Saturday, May 14, 2016

Feelings Are Temporary

     Feelings change. That is why they are called feelings because it is what you feel in that moment. Lately I've been really confused about how I feel towards certain people. All of the people I am confused about I have been friends with for a very long time. So I'm not really sure what to do about the situation.
     Person Number One I just recently broke up with about a month ago. Some days I am really happy that things ended. They could have ended better, but in the long run I know it is what God intended to happen. As much as I loved the relationship and I love/loved the person, it was not a healthy relationship. I constantly felt like I was not enough and like I needed to change in order for the relationship to work. We had a lot of things in common, but a lot of our morals did not match, which made a lot of things difficult. Other days I'm really upset that things ended. Although things weren't always good, when they were it was amazing. There was one day we spent all day together. We went to Starbucks, to Walmart and played with toys and skateboards. We went to the park and played on the playground and carved our initials in a tree like we were in a cute Nicholas Sparks movie. That day was so special and so much fun, but all good things come to an end. He's graduating and going off to college and our lives just don't match up anymore. A few days ago I stopped at the park to go see our initials. I knew exactly which tree it was and remembered exactly what it said. I wish I could tell you I pulled up and he was standing at the tree with flowers in hand, apologizing for the way things ended and everything worked out and we are happy again, but it didn't happen that way. I have no idea what made me stop at the park to go see the tree. I knew seeing it would tear me apart, which it did. I just wanted to see it, wanted to relive the happiness of that day.
     Person Number Two is a really close friend of mine. I have slowly started to have feelings for him since Person Number One and myself broke up. The only problem is: he likes my best friend. The only aggravating part about that is: she likes girls. He knows that she likes girls, but still feels like he has a chance with her. So I don't really know what to do. We talked and flirted for a few days and everything was really good. It was honestly the happiest I had been since that Nicholas Sparks day with Person Number One. Everything was looking really good and I really thought something good was going to come out of all of this. But then... he called things off. Apologizing, he said that he just couldn't do it. He thought he was over my friend or that he could get over her, but that he just couldn't do it. So things are kind of awkward between us now because we both know that we like each other, but we can't do anything about it. We still talk all the time, I just don't know what to say anymore.
     Person Number Three is also one of my exes. I dated this male before I dated Person Number One. Our relationship was really great. The only problem was his mother. She disliked me very much, I'm still not really sure why. I tried so hard to make her like me. I bought them gifts and invited them to dinner. I hugged her and complimented her every chance I got. My mother thinks she disliked me because of another female. You see, Person Number Three dated a girl before me that I will refer to by Jillian, that's not her name.

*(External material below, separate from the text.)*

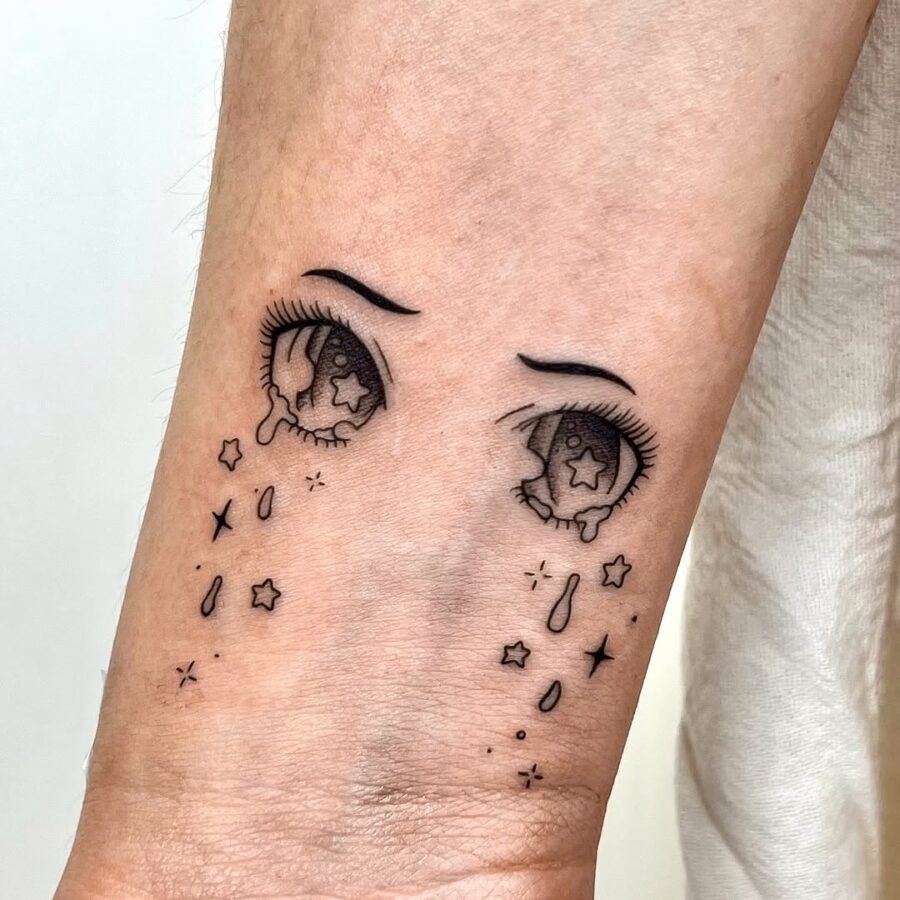 This tattoo features expressive anime eyes, complete with detailed eyelashes and star-filled irises.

Jillian is the daughter of Person Number Three's mother's best friend. My mother believes that she disliked me so greatly because she had this beautiful fantasy of her son and her best friend's daughter living happily ever after. Jillian decided to text me today and express how apologetic she is for everything that happened. It is really weird though because I haven't talked to her in about a year. There's just a lot of confusion on how I should handle things. Talking to Person Number Three is still really awkward because we are pretty much coworkers so it makes things awkward.
     Feelings will constantly change, Right now I am feeling really tired, but when I wake up in the morning I won't be, hopefully. However, love does not change. If you love a person, if you truly love a person, that will never go away. You can love someone without liking them. These three people I have a different feeling for each of them. I don't really know what to do about any of the situations, but I do know that God's got this. God's got me, He's got my back. My feelings are going to keep changing and I am probably going to stay confused, but I can get through this.